The average price of a home on the Coast rose well above $1,500,000 and condos/townhomes continued their torrid pace, selling in an average of six days for 107% of their list price!
Buyers, read ‘em and weep. If you’ve been hoping against hope and wondering whether prices would start to trend downward as we move further into 2022, the sales data for February offered up a pretty definitive statement: Don’t hold your breath!
It’s not going to happen anytime soon. Instead, you might want to resign yourself to jumping into the deep end of the multiple-offer moshpit NOW, before the relative notion of “affordable” vanishes once and for all.
A Look at the Data
While 2022 started out moderately strong in January by logging a median price of $1,250,000 for Single Family Residences (SFRs), February ended with the highest prices ever recorded for SFRs in Santa Cruz County by a wide margin as the median rose to $1,380,000, up $320k (or almost 30%) year-over-year from February 2021 and more than $80k higher than the previous all-time high in May of 2021.
The average price for SFRs also topped-out at an all-time high of $1,581,486 well above the previous high, also in May of 2021.
Yes, you can go ahead and say it out loud if you want...
An average home in Santa Cruz County now costs more than a million five!
In retrospect, the January median price was most likely held down by the significant lack of inventory (1 month’s available supply). The absence of quality listings kept quite a few interested buyers on the sidelines, waiting for better choices and that in turn limited the number of the multiple-offer situations that are largely responsible for fueling intensity and driving-up prices.
As more listings started hitting the market in February, more buyers hit the streets and the open houses and the growing competition ratcheted-up the intensity to a level well-beyond what the market experienced in 2021. Visualize the flush of new listings coming on as the release of chum that often precipitates a full-fledged, feeding frenzy.
Perhaps the most impressive February stat was that the average SFR sold for a whopping 106% of its original list price (OLP) which means that homes sold exceedingly fast (an average of 24 days) and the overall market saw very few price reductions.

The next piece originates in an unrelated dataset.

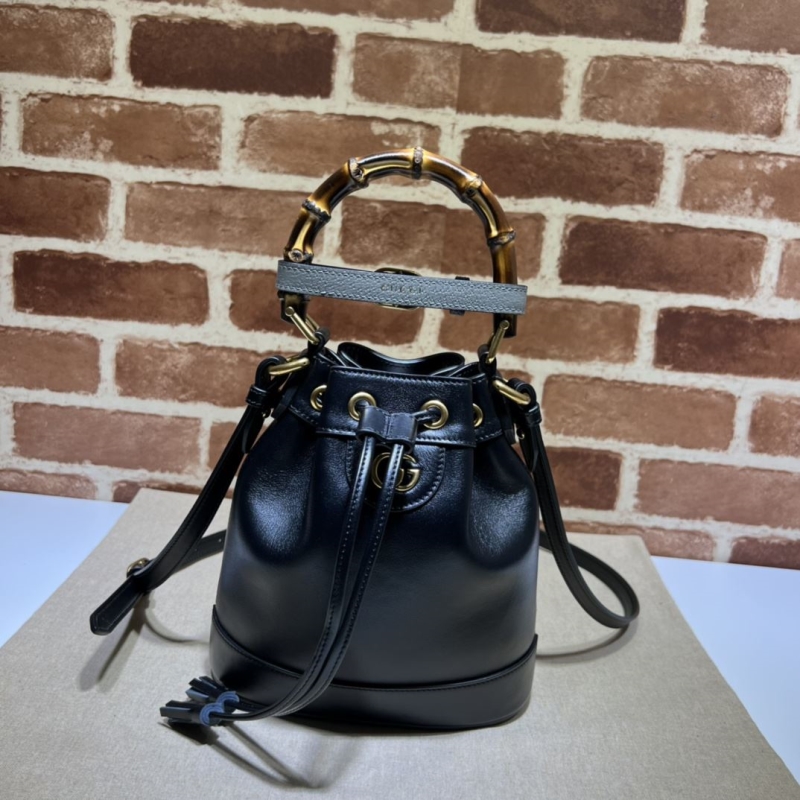 G*u*i bucket bags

The inventory did rise in February to 1.6 month’s supply but that was still slightly less than the 1.7 month’s supply Santa Cruz County had in February of 2021. In the condo/townhome sales category February’s median price of $840,000 kept reasonable pace with the all-time high median of $860,000 that the Santa Cruz market achieved in January. Note that the sample size was extremely small with only 18 condo/townhome transactions taking place during the month compared to 40 in February of 2021.
The average days on market for February sales was 6 compared to 57 days in February 2021. And the average % of list price that those condos/townhomes sold for was 107%! The inventory rose from 0.7 month’s supply in January to 1.3 month’s supply last month.
It’s important to note that: When more buyers are priced out of the SFR market they turn to less expensive condos and townhomes and that category tends to see a faster rise in appreciation as a result.
When more buyers are priced out of the SFR market they turn to less expensive condos and townhomes and that category tends to see a faster rise in appreciation as a result.
So, if you’ve been waiting for the market to slow down, it looks like your patience will continue to be sorely tested. Even though the world is rife with the kind of fearful scenarios that could pause a runaway real estate market: an unresolved covid future, high inflation, higher gas prices, increasing stock market volatility, rising interest rates, a return to in person work environments and a God-awful ugly war in Ukraine, so far the combination doesn’t seem to have slowed the pace of the market.
Why not? Consider this: What’s the natural human impulse during a global pandemic? To shelter-in-place at home. What’s a great hedge against inflation? Real estate. What’s a great strategy for diversifying during times of volatility? Brick and mortar investment in homes! Gas prices shooting up? All the more reason to stay closer to home. Interest rates on the rise? All the more reason to try to lock in before they go too much higher. What is clear from all those images CNN is sending back from Ukraine? Home is worth fighting for.
There’s a perfect storm of factors - all pointing towards the value, the importance and the desirability of “home”.